## Problem to solve:
Set down each entry below exactly as written, keeping the pictures out.

Dataset excerpts
━━━━━━━━
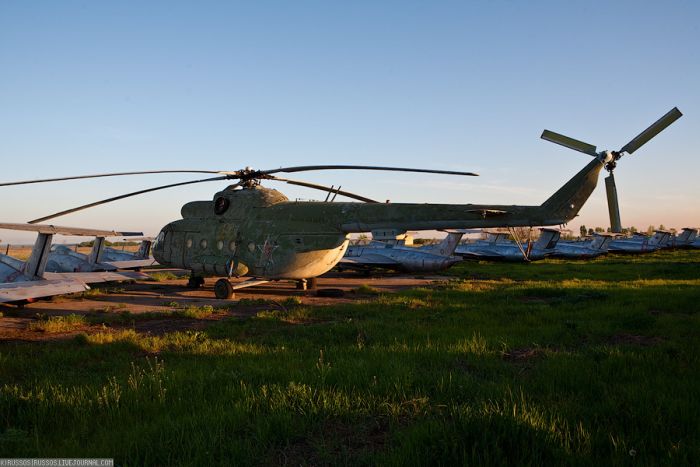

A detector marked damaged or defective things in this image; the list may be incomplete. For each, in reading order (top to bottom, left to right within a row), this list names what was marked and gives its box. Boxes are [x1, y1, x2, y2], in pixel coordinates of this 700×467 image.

broken rotor blade [540, 130, 600, 157]
broken rotor blade [620, 106, 680, 155]
broken rotor blade [0, 171, 238, 187]
broken rotor blade [29, 176, 230, 226]
broken rotor blade [268, 176, 378, 204]
broken rotor blade [600, 174, 624, 234]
━━━━━━━━
## Written solution:
A detector marked damaged or defective things in this image; the list may be incomplete. For each, in reading order (top to bottom, left to right within a row), this list names what was marked and gives its box. Boxes are [x1, y1, x2, y2], in pixel coordinates of this 700×467 image.

broken rotor blade [540, 130, 600, 157]
broken rotor blade [620, 106, 680, 155]
broken rotor blade [0, 171, 238, 187]
broken rotor blade [29, 176, 230, 226]
broken rotor blade [268, 176, 378, 204]
broken rotor blade [600, 174, 624, 234]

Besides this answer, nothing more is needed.